American Adventures

I’m sitting by the window and it’s a wet and uninspiring morning in Glasgow. I have a blanket over my knees, my shoes are off and I have a new book in my hands. I feel the same way I do when I’m in my seat in the auditorium of a theatre minutes before curtain up. Or perhaps it’s like being buckled in and getting ready to take off on a long flight.

Other people’s stories give us the chance to find out who we really are, but also the chance to lose ourselves in their world. The best storytellers take you there effortlessly, so you barely know you have left the room.

With their bewitching prose and easy descriptions, I’m easily led down that road. Susceptible and ready to be seduced I can leave my world behind in a heartbeat. Two or three pages in and I’m sitting on the steps of 28 Barbary Lane or wating on a table in The Homesick Resturant.

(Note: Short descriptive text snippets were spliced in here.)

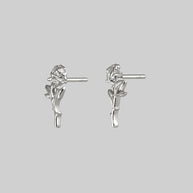 single rose stud earrings, silver lobe earrings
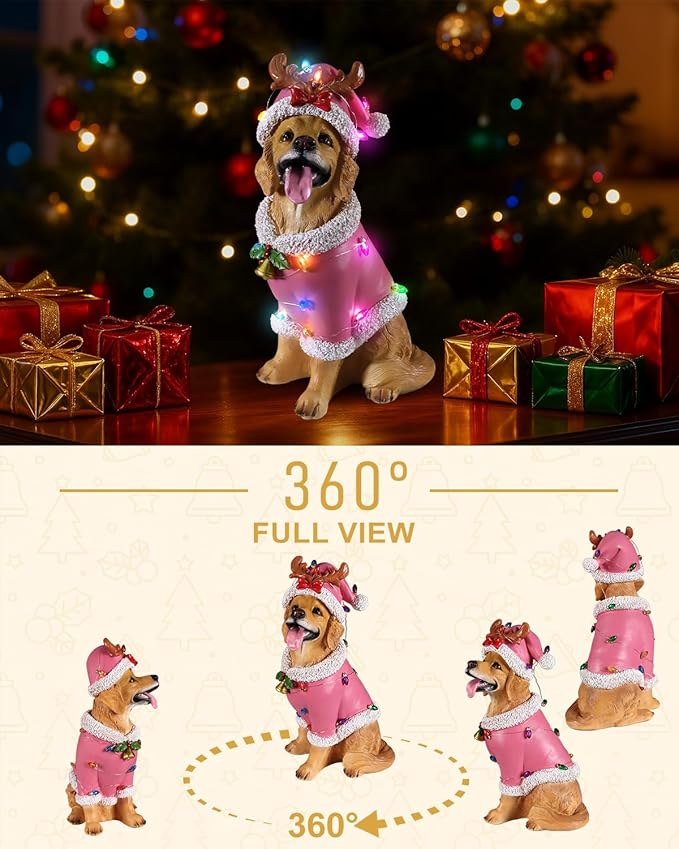 Christmas Outdoor Decoration Dog Statue, LED Light Cute Golden Retriever Dog Sculpture with Pink Santa Outfit & Lights for Garden and Yard, Indoor Holiday Décor Gift for mom and dad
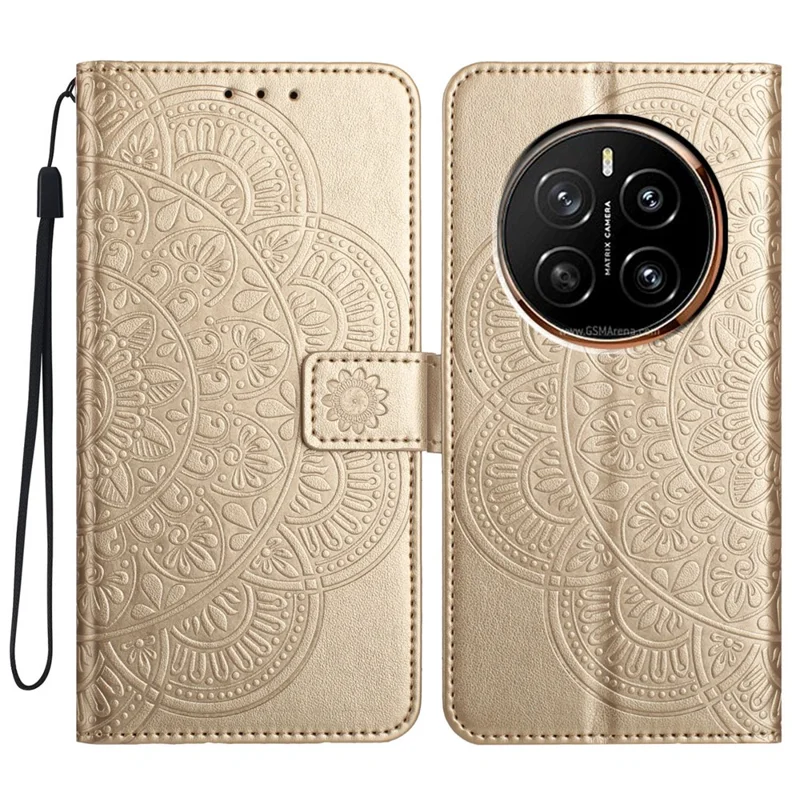 For Honor Magic7 Pro 5G Wallet Phone Case Butterfly Floral Imprint Leather Flip Cover with Strap - Gold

When we were locked down - my world opened up. With more time to read I travelled across contintents, book by book. Hardbacks rather than holidays gave me the chance to broaden my horizons.

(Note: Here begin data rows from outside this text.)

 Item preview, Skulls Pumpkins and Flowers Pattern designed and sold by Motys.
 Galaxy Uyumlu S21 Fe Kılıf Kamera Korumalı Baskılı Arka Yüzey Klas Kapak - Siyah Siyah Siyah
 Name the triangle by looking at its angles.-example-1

Sometimes their lives and experiences were reassuringly familiar and cosy, other times it’s so removed from my experience that my head hurts from trying to imagine it. But their world is my world now.

Most of all, it’s the American storytellers I’m drawn to the most, spending time with Chicago detectives, southern housewives and Manhattan socialites. I am so immersed that sometimes I read aloud without embarrassment. It’s a sonorous, midwestern accent no matter the actual location of the story. And I realise that all American voices are Garrison Keiler’s.